We’re sitting here in St. Pete Beach in Florida visiting some of Kimberly’s family and having some sun-kissed R&R before heading back up to Seattle on Wednesday, and I thought I’d get the next post in my sparse columns mini-series out. Before I start though, Kimberly just posted the resources for the Accidental DBA class we taught at SQL Connections last week and in Iceland at the end of March – see here. In my first post on sparse columns (see here) I introduced the concepts and explained why sparse columns are a useful feature. In this post I’m going to use the example I gave – a document repository with 50 document types and 20 unique attributes per document-type. Yes, it’s a contrived example, but scale it up be a factor of 100+ (think Sharepoint Server) and methods like normalization no longer apply. I’m using a CTP-6 VPC on a Lenovo T60P laptop with 4GB, a dual-core 2.2GHz CPU, and the VPC is running off a 6200RPM drive. Your mileage may vary for run-times of the example scripts. The VPC is the one we gave out at SQL Connections and Iceland, and you can download the scripts and a VPC (maybe only CTP-5) from the Microsoft JumpStart site (see here for details). The first test I’ll do is just creating the schema necessary to store the 1000+ columns of information in the test scenario. I’ll do one with sparse columns and one without: — Create two tables, one with 1000 columns and one with 1000 columns but 997 sparse.

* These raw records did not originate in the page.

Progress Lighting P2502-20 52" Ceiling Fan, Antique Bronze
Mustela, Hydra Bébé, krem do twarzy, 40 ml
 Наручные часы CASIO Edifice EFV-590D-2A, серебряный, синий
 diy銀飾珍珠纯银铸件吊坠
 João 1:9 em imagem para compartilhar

DocID INT IDENTITY, DocName VARCHAR (100), DocType INT,
c0004 INT NULL, c0005 INT NULL, c0006 INT NULL, c0007 INT NULL, c0008 INT NULL, c0009 INT NULL,
…
c0994 INT NULL, c0995 INT NULL, c0996 INT NULL, c0997 INT NULL, c0998 INT NULL, c0999 INT NULL,
c1000 INT NULL);
GO
CREATE
TABLE TableWithSparseColumns (DocID INT IDENTITY, DocName VARCHAR (100), DocType INT,
c0004 INT SPARSE NULL, c0005 INT SPARSE NULL, c0006 INT SPARSE NULL, c0007 INT SPARSE NULL,
…
c0996 INT SPARSE NULL, c0997 INT SPARSE NULL, c0998 INT SPARSE NULL, c0999 INT SPARSE NULL,
c1000 INT SPARSE NULL);
GO
I won’t list all the column names for the sake of brevity. Next I’ll insert some values into each table (the same values in each table):
INSERT INTO TableWithSparseColumns (DocName, Doctype) VALUES (‘aaaa’, 1);
— Insert a few rows in each
INSERT INTO TableWithSparseColumns (DocName, Doctype, c0945) VALUES (‘bbbb’, 2, 46);
INSERT INTO TableWithSparseColumns (DocName, Doctype, c0334) VALUES (‘cccc’, 3, 44);
INSERT INTO TableWithSparseColumns (DocName, Doctype, c0233, c0234) VALUES (‘dddd’, 4, 12, 34);
INSERT INTO TableWithSparseColumns (DocName, Doctype, c0233, c0234,c0235,c0236) VALUES (‘eeee’, 4, 12, 34, 46, 66);
GO
INSERT
INTO TableWithoutSparseColumns (DocName, Doctype) VALUES (‘aaaa’, 1);INSERT INTO TableWithoutSparseColumns (DocName, Doctype, c0945) VALUES (‘bbbb’, 2, 46);
INSERT INTO TableWithoutSparseColumns (DocName, Doctype, c0334) VALUES (‘cccc’, 3, 44);
INSERT INTO TableWithoutSparseColumns (DocName, Doctype, c0233, c0234) VALUES (‘dddd’, 4, 12, 34);
INSERT INTO TableWithoutSparseColumns (DocName, Doctype, c0233, c0234,c0235,c0236) VALUES (‘eeee’, 4, 12, 34, 46, 66);
GO
Now let’s see how big each table is:
SELECT [avg_record_size_in_bytes], [page_count] FROM sys.dm_db_index_physical_stats (
— Now lets see how big the rows are
DB_ID (‘SparseColumnsTest’), OBJECT_ID (‘TableWithoutSparseColumns’), NULL, NULL, ‘DETAILED’);
SELECT
[avg_record_size_in_bytes], [page_count] FROM sys.dm_db_index_physical_stats (DB_ID (‘SparseColumnsTest’), OBJECT_ID (‘TableWithSparseColumns’), NULL, NULL, ‘DETAILED’);
GO
avg_record_size_in_bytes page_count
———————— ——————–
4135 5
(1 row(s) affected)
avg_record_size_in_bytes page_count
———————— ——————–
40.6 1
(1 row(s) affected)
Ok – so that’s not a huge difference in page count (because we’ve only got 5 rows), but it’s a *massive* difference in average record size. Scaled up to hundreds of thousands or millions of records, the space savings will be astronomical!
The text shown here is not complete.